We often have a (posterior) distribution \(\;p(\theta)\;\) that is intractable, and we would like to compute an expectation:
\[ \int_\Theta f(\theta)\, p(\theta)\, \text{d}\theta \]Note that this is equivalent to a weighted average, where \(\;p(\theta)\;\) assigns an infinitesimal weight to each \(f(\theta)\). Another way to assign these weights would be to sample an infinite amount of times from the posterior distribution \(p(\theta)\), and the "weight" would be determined by how often a certain value of \(\theta\) is retrieved.
\[ \int_\Theta f(\theta)\, p(\theta)\, \text{d}\theta \;\, = \;\, \lim_{n \to \infty} \; \frac{1}{n} \sum_{i=1}^n f(\theta_i), \quad \quad \theta_i \sim p(\theta) \]In practice we cannot draw infinite samples, but we can use this to approximate expectations if we sample a large enough amount of samples.
\[ \int_\Theta f(\theta)\, p(\theta)\, \text{d}\theta \;\, \approx \;\, \frac{1}{n} \sum_{i=1}^n f(\theta_i), \quad \theta_i \sim p(\theta) \quad \text{for large }n \]NOTE We do not need \(\; p(\theta) \;\) to be normalized.
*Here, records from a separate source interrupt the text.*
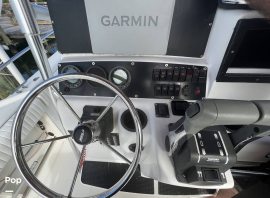 2001, Boston Whaler, 260 Outrage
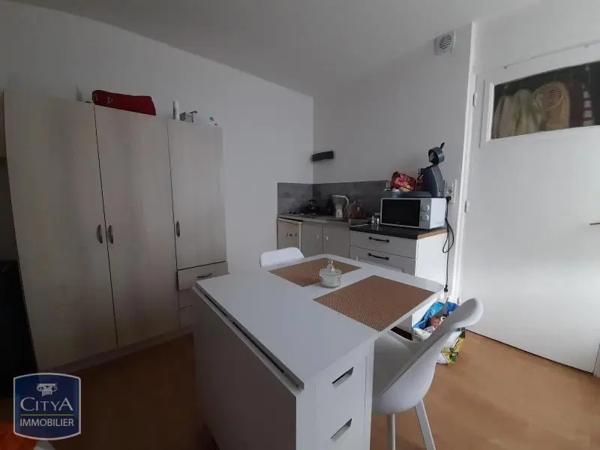 Appartement à louer 1 pièce 14.12m² Arras (62000)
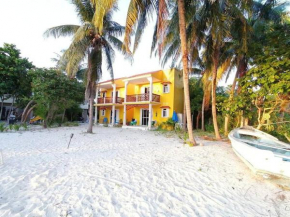 Marysol beachfront next to nomads d7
If we draw samples from an unnormalized distribution \(\; \tilde{p}(\theta), \: p(\theta) = \frac{\tilde{p}(\theta)}{Z_p} \;\) (for example, using slice sampling), the approximation will give exactly the same result as for the normalized distribution \(\; p(\theta) \;\). This is because what matters is the relative frequency between the different sample values, rather than the absolute number of occurrences of each sample value. For example, if you duplicated each sample (repeated it), you would obtain exactly the same result because the relative frequency between different sample values would not change.